Working data:
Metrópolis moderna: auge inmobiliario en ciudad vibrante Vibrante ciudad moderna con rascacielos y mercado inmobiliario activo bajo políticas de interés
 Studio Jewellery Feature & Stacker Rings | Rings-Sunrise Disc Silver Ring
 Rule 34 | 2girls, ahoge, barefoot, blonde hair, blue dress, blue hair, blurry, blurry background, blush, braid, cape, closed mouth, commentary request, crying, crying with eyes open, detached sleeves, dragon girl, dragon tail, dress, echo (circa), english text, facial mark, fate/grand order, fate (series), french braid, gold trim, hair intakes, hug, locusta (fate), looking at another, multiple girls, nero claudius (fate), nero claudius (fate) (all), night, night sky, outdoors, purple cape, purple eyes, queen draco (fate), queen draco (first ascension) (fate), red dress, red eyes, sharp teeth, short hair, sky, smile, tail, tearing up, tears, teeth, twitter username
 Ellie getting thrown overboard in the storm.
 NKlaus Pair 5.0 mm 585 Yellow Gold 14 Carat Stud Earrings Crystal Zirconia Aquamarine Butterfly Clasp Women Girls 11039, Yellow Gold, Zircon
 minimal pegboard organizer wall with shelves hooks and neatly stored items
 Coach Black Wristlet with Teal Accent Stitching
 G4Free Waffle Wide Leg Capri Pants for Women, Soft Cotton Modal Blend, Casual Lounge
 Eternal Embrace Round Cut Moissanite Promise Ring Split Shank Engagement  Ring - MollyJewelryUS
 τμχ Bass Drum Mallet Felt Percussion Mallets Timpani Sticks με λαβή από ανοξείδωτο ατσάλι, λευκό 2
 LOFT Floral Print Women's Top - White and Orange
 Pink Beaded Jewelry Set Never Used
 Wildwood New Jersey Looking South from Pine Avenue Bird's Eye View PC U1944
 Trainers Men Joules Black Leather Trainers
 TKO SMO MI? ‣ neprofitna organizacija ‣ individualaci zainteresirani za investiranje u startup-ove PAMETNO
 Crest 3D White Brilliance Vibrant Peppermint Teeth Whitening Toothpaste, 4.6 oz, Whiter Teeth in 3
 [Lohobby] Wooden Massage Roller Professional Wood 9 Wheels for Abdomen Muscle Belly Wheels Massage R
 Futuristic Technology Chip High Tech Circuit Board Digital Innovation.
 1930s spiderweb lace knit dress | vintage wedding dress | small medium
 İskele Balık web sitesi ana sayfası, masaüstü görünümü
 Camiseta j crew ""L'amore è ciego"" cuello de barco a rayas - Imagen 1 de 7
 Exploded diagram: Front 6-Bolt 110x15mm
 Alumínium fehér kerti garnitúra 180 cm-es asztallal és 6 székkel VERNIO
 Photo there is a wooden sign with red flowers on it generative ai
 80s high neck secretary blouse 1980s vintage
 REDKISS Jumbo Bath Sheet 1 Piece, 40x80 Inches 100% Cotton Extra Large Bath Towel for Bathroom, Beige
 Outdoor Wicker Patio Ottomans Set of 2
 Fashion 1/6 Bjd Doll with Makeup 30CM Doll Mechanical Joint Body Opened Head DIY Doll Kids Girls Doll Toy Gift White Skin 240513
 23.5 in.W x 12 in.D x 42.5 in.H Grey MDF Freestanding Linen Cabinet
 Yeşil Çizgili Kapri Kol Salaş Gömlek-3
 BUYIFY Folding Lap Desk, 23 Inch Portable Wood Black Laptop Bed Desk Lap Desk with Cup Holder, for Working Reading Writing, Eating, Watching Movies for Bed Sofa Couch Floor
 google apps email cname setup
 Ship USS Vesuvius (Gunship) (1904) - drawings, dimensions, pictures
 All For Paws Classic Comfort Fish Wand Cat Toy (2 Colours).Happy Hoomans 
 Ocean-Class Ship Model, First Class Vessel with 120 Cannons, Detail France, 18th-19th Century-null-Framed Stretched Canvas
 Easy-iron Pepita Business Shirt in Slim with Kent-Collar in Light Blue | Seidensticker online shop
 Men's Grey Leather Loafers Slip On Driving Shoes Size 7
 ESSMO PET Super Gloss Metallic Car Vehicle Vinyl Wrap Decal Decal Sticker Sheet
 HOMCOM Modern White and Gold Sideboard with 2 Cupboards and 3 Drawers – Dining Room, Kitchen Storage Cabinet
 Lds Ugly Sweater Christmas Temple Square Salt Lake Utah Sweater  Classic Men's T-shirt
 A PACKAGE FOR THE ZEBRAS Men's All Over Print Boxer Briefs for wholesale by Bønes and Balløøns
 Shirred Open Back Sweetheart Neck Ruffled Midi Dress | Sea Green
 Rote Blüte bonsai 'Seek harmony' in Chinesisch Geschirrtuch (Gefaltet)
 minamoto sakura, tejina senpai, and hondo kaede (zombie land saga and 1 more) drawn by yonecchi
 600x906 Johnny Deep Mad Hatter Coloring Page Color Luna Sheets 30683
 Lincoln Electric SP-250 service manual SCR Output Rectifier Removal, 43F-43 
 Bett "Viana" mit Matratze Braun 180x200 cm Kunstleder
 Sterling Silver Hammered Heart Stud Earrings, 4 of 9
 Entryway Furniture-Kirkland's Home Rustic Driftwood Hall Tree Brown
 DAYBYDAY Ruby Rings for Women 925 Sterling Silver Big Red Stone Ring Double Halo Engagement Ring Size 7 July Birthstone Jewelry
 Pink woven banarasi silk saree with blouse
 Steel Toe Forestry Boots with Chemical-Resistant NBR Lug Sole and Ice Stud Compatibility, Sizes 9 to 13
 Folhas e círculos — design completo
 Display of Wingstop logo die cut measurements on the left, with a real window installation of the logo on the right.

Work request:
Could you transcribe all of the data exactly as it is given?

Response to the task:
Metrópolis moderna: auge inmobiliario en ciudad vibrante Vibrante ciudad moderna con rascacielos y mercado inmobiliario activo bajo políticas de interés
 Studio Jewellery Feature & Stacker Rings | Rings-Sunrise Disc Silver Ring
 Rule 34 | 2girls, ahoge, barefoot, blonde hair, blue dress, blue hair, blurry, blurry background, blush, braid, cape, closed mouth, commentary request, crying, crying with eyes open, detached sleeves, dragon girl, dragon tail, dress, echo (circa), english text, facial mark, fate/grand order, fate (series), french braid, gold trim, hair intakes, hug, locusta (fate), looking at another, multiple girls, nero claudius (fate), nero claudius (fate) (all), night, night sky, outdoors, purple cape, purple eyes, queen draco (fate), queen draco (first ascension) (fate), red dress, red eyes, sharp teeth, short hair, sky, smile, tail, tearing up, tears, teeth, twitter username
 Ellie getting thrown overboard in the storm.
 NKlaus Pair 5.0 mm 585 Yellow Gold 14 Carat Stud Earrings Crystal Zirconia Aquamarine Butterfly Clasp Women Girls 11039, Yellow Gold, Zircon
 minimal pegboard organizer wall with shelves hooks and neatly stored items
 Coach Black Wristlet with Teal Accent Stitching
 G4Free Waffle Wide Leg Capri Pants for Women, Soft Cotton Modal Blend, Casual Lounge
 Eternal Embrace Round Cut Moissanite Promise Ring Split Shank Engagement  Ring - MollyJewelryUS
 τμχ Bass Drum Mallet Felt Percussion Mallets Timpani Sticks με λαβή από ανοξείδωτο ατσάλι, λευκό 2
 LOFT Floral Print Women's Top - White and Orange
 Pink Beaded Jewelry Set Never Used
 Wildwood New Jersey Looking South from Pine Avenue Bird's Eye View PC U1944
 Trainers Men Joules Black Leather Trainers
 TKO SMO MI? ‣ neprofitna organizacija ‣ individualaci zainteresirani za investiranje u startup-ove PAMETNO
 Crest 3D White Brilliance Vibrant Peppermint Teeth Whitening Toothpaste, 4.6 oz, Whiter Teeth in 3
 [Lohobby] Wooden Massage Roller Professional Wood 9 Wheels for Abdomen Muscle Belly Wheels Massage R
 Futuristic Technology Chip High Tech Circuit Board Digital Innovation.
 1930s spiderweb lace knit dress | vintage wedding dress | small medium
 İskele Balık web sitesi ana sayfası, masaüstü görünümü
 Camiseta j crew ""L'amore è ciego"" cuello de barco a rayas - Imagen 1 de 7
 Exploded diagram: Front 6-Bolt 110x15mm
 Alumínium fehér kerti garnitúra 180 cm-es asztallal és 6 székkel VERNIO
 Photo there is a wooden sign with red flowers on it generative ai
 80s high neck secretary blouse 1980s vintage
 REDKISS Jumbo Bath Sheet 1 Piece, 40x80 Inches 100% Cotton Extra Large Bath Towel for Bathroom, Beige
 Outdoor Wicker Patio Ottomans Set of 2
 Fashion 1/6 Bjd Doll with Makeup 30CM Doll Mechanical Joint Body Opened Head DIY Doll Kids Girls Doll Toy Gift White Skin 240513
 23.5 in.W x 12 in.D x 42.5 in.H Grey MDF Freestanding Linen Cabinet
 Yeşil Çizgili Kapri Kol Salaş Gömlek-3
 BUYIFY Folding Lap Desk, 23 Inch Portable Wood Black Laptop Bed Desk Lap Desk with Cup Holder, for Working Reading Writing, Eating, Watching Movies for Bed Sofa Couch Floor
 google apps email cname setup
 Ship USS Vesuvius (Gunship) (1904) - drawings, dimensions, pictures
 All For Paws Classic Comfort Fish Wand Cat Toy (2 Colours).Happy Hoomans 
 Ocean-Class Ship Model, First Class Vessel with 120 Cannons, Detail France, 18th-19th Century-null-Framed Stretched Canvas
 Easy-iron Pepita Business Shirt in Slim with Kent-Collar in Light Blue | Seidensticker online shop
 Men's Grey Leather Loafers Slip On Driving Shoes Size 7
 ESSMO PET Super Gloss Metallic Car Vehicle Vinyl Wrap Decal Decal Sticker Sheet
 HOMCOM Modern White and Gold Sideboard with 2 Cupboards and 3 Drawers – Dining Room, Kitchen Storage Cabinet
 Lds Ugly Sweater Christmas Temple Square Salt Lake Utah Sweater  Classic Men's T-shirt
 A PACKAGE FOR THE ZEBRAS Men's All Over Print Boxer Briefs for wholesale by Bønes and Balløøns
 Shirred Open Back Sweetheart Neck Ruffled Midi Dress | Sea Green
 Rote Blüte bonsai 'Seek harmony' in Chinesisch Geschirrtuch (Gefaltet)
 minamoto sakura, tejina senpai, and hondo kaede (zombie land saga and 1 more) drawn by yonecchi
 600x906 Johnny Deep Mad Hatter Coloring Page Color Luna Sheets 30683
 Lincoln Electric SP-250 service manual SCR Output Rectifier Removal, 43F-43 
 Bett "Viana" mit Matratze Braun 180x200 cm Kunstleder
 Sterling Silver Hammered Heart Stud Earrings, 4 of 9
 Entryway Furniture-Kirkland's Home Rustic Driftwood Hall Tree Brown
 DAYBYDAY Ruby Rings for Women 925 Sterling Silver Big Red Stone Ring Double Halo Engagement Ring Size 7 July Birthstone Jewelry
 Pink woven banarasi silk saree with blouse
 Steel Toe Forestry Boots with Chemical-Resistant NBR Lug Sole and Ice Stud Compatibility, Sizes 9 to 13
 Folhas e círculos — design completo
 Display of Wingstop logo die cut measurements on the left, with a real window installation of the logo on the right.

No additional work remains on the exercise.